◆ Task goal
All lines from the opening of the data to the line containing "Peace on Earth Key Ring" must be returned unchanged, and only those lines.

◆ Web page caption snippets
------------------------------
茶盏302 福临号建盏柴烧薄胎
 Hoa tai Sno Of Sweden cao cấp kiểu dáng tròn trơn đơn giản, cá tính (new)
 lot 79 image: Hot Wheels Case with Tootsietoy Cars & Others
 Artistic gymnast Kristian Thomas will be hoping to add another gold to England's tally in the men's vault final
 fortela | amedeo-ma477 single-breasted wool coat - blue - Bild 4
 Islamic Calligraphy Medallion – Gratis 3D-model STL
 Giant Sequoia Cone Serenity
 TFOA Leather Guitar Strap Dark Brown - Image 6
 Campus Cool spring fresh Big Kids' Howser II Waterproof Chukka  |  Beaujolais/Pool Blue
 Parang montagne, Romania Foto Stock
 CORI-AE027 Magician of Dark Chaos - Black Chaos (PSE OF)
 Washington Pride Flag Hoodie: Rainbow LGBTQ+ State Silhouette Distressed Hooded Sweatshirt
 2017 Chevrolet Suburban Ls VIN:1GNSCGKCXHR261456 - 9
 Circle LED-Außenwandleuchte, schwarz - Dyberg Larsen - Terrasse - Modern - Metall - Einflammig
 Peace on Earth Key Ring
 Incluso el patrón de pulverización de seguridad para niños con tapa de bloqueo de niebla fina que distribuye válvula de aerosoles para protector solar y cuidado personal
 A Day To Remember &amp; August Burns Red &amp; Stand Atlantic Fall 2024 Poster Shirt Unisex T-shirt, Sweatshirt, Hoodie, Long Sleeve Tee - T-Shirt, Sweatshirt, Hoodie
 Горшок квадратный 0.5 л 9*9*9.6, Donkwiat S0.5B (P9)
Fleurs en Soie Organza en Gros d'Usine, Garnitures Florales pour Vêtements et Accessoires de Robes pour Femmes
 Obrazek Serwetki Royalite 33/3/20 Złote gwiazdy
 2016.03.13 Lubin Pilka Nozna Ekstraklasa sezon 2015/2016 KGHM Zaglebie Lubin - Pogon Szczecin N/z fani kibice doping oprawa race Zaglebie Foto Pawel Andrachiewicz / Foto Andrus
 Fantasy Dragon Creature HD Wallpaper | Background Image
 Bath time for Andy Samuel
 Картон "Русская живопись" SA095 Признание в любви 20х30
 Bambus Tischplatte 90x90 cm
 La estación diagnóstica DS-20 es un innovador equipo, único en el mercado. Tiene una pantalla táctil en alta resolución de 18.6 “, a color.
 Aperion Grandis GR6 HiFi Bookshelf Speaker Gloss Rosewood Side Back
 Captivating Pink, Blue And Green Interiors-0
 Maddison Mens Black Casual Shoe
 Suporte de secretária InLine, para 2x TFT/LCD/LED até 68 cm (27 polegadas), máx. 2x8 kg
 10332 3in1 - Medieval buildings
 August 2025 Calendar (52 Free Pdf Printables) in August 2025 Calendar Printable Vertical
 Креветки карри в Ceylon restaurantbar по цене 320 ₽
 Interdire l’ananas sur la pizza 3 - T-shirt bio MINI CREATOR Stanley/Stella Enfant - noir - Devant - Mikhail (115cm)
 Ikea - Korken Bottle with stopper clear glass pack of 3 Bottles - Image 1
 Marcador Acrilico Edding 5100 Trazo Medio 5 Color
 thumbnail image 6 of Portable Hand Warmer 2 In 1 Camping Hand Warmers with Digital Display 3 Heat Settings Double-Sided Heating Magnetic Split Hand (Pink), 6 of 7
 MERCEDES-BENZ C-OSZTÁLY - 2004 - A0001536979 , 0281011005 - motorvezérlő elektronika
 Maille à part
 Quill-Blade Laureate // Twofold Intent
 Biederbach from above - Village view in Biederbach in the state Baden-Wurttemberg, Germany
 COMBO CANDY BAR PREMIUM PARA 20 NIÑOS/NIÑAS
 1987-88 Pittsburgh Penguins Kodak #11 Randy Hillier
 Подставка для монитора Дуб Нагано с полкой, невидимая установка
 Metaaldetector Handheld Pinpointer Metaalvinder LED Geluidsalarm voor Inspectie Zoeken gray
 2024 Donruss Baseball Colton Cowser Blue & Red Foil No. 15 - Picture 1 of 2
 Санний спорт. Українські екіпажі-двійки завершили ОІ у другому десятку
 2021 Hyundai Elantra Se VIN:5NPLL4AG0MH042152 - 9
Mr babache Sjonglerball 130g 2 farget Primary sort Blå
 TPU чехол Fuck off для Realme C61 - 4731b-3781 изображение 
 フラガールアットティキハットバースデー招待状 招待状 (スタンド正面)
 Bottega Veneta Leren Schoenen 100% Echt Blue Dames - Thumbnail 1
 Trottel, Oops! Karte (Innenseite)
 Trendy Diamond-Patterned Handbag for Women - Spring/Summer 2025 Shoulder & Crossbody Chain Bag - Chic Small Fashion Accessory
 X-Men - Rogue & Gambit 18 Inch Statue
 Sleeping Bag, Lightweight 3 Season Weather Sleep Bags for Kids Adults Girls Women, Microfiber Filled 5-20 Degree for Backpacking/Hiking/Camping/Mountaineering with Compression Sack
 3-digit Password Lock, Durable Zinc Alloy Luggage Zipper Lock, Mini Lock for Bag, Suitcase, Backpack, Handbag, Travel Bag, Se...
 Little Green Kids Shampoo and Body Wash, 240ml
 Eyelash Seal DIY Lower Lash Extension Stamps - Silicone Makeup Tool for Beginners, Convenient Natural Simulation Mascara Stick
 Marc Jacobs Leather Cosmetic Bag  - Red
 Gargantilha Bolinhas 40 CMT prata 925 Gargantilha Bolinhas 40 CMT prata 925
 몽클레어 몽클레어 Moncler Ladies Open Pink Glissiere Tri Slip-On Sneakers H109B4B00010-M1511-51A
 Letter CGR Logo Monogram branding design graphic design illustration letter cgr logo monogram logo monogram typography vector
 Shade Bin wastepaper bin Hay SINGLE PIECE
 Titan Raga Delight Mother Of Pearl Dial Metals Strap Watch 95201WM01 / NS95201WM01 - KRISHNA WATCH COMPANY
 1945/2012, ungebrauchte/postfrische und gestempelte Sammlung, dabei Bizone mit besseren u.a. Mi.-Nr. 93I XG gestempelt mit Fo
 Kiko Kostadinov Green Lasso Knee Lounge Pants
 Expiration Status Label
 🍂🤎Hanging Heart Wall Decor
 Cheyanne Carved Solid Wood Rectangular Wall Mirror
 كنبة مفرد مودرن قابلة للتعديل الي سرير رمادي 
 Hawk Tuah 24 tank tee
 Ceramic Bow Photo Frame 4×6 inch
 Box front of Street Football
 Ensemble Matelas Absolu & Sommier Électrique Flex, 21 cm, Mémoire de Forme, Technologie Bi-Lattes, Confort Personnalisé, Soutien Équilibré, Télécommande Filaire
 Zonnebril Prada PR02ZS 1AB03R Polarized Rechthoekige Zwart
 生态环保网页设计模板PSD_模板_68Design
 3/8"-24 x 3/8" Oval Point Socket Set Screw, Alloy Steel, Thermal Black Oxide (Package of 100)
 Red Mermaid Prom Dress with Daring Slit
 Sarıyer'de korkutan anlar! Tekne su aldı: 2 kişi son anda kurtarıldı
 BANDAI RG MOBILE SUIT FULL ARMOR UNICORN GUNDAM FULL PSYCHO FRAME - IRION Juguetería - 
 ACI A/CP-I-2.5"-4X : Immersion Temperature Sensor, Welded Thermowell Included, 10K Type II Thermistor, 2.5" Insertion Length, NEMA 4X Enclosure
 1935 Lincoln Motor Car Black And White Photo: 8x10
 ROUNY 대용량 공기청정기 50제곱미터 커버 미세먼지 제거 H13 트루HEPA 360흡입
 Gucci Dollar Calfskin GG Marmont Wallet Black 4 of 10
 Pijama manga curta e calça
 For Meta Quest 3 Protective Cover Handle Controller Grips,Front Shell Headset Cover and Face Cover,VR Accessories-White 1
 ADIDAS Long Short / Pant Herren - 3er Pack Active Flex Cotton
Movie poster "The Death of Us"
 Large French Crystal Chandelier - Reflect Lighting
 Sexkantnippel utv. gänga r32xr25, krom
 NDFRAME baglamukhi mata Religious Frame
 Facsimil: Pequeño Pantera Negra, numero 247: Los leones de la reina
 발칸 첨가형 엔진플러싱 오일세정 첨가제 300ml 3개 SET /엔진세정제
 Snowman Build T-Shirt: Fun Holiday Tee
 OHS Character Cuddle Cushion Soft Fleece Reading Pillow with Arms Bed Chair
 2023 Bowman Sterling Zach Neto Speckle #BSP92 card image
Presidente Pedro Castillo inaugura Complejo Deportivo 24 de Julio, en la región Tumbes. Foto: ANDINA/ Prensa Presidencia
------------------------------
◆ Output for this exercise
茶盏302 福临号建盏柴烧薄胎
 Hoa tai Sno Of Sweden cao cấp kiểu dáng tròn trơn đơn giản, cá tính (new)
 lot 79 image: Hot Wheels Case with Tootsietoy Cars & Others
 Artistic gymnast Kristian Thomas will be hoping to add another gold to England's tally in the men's vault final
 fortela | amedeo-ma477 single-breasted wool coat - blue - Bild 4
 Islamic Calligraphy Medallion – Gratis 3D-model STL
 Giant Sequoia Cone Serenity
 TFOA Leather Guitar Strap Dark Brown - Image 6
 Campus Cool spring fresh Big Kids' Howser II Waterproof Chukka  |  Beaujolais/Pool Blue
 Parang montagne, Romania Foto Stock
 CORI-AE027 Magician of Dark Chaos - Black Chaos (PSE OF)
 Washington Pride Flag Hoodie: Rainbow LGBTQ+ State Silhouette Distressed Hooded Sweatshirt
 2017 Chevrolet Suburban Ls VIN:1GNSCGKCXHR261456 - 9
 Circle LED-Außenwandleuchte, schwarz - Dyberg Larsen - Terrasse - Modern - Metall - Einflammig
 Peace on Earth Key Ring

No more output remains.